PROBLEM REQUIREMENTS: Copy, word for word, the lines below from the one containing "Mid century modern print" up to and including the one containing "WACKO MARIA Switching", with pictures left out.

ENTRIES SUPPLIED:
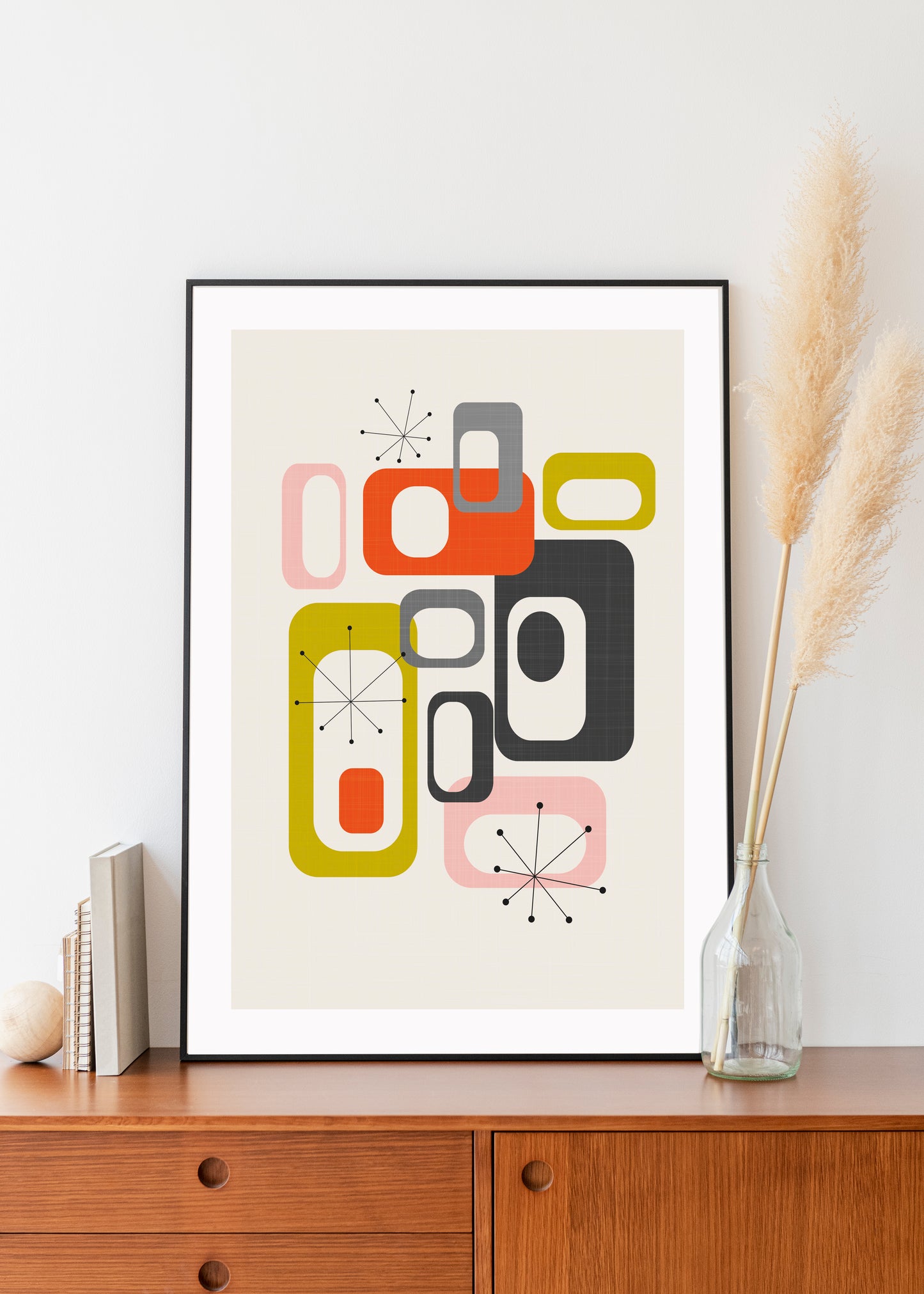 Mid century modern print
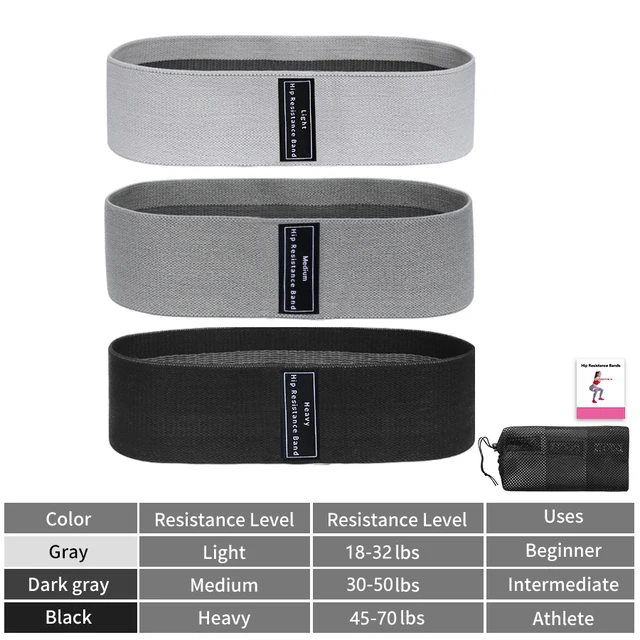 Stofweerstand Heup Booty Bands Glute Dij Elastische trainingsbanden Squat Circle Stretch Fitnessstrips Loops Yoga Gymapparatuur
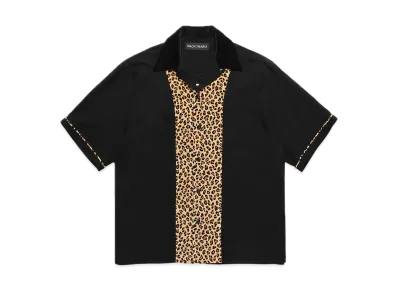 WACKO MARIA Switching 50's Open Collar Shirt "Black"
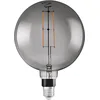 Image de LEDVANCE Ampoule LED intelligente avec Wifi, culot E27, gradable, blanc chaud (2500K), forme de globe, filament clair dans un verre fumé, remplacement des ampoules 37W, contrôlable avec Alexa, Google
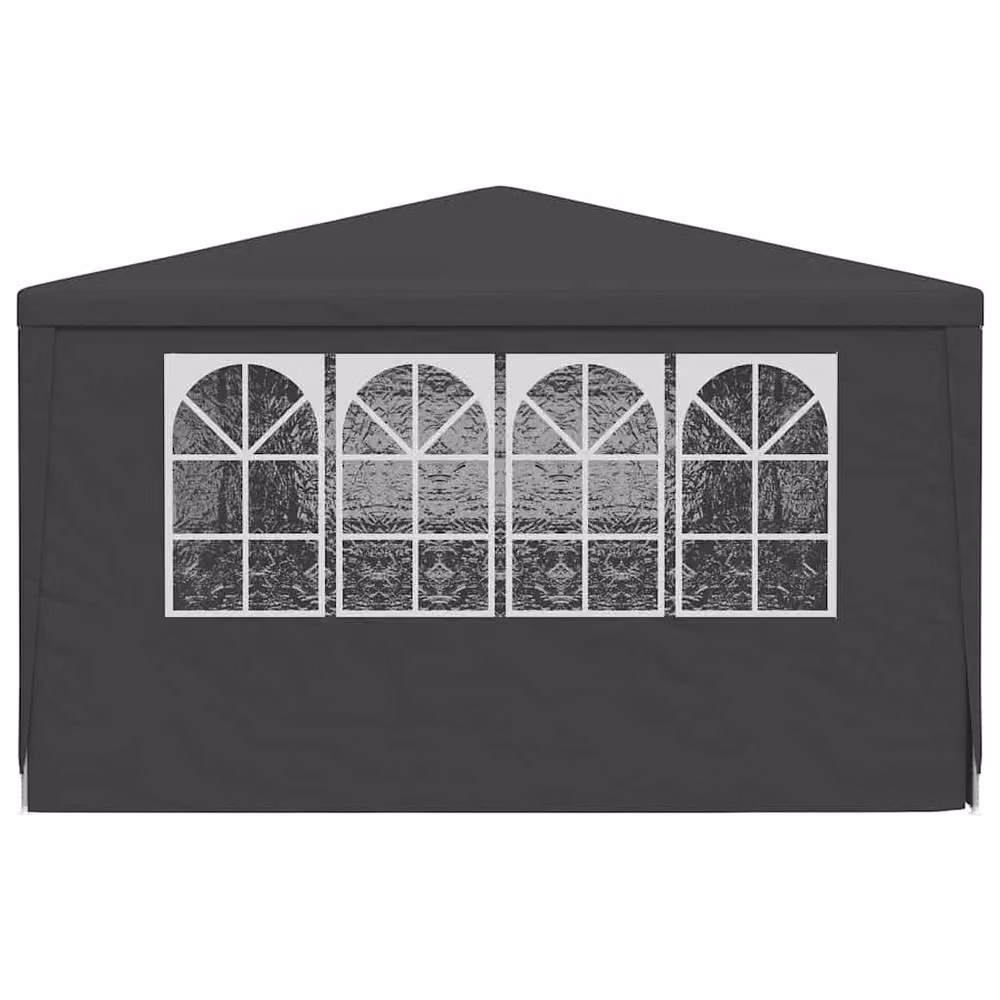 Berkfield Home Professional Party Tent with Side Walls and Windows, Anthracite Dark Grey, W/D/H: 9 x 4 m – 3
* * *
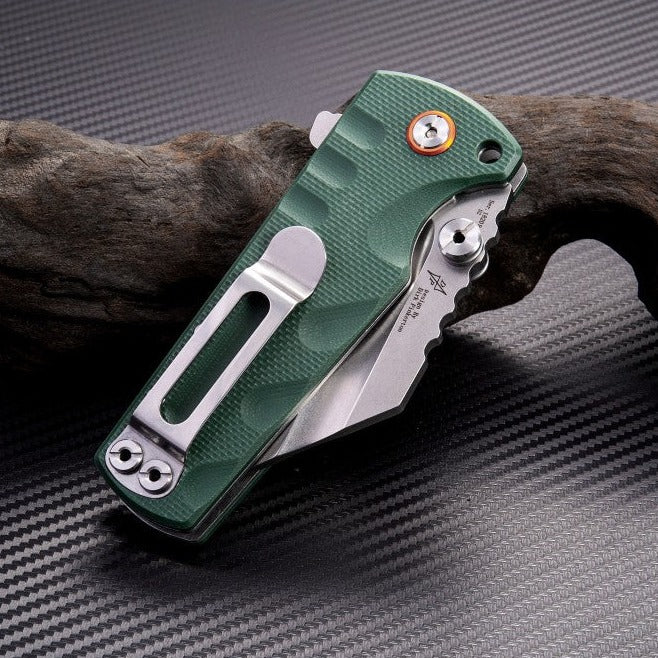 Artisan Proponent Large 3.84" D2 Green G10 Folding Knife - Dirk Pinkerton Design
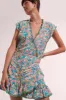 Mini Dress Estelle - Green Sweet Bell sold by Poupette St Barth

THE COMPLETED TASK:
 Mid century modern print
 Stofweerstand Heup Booty Bands Glute Dij Elastische trainingsbanden Squat Circle Stretch Fitnessstrips Loops Yoga Gymapparatuur
 WACKO MARIA Switching 50's Open Collar Shirt "Black"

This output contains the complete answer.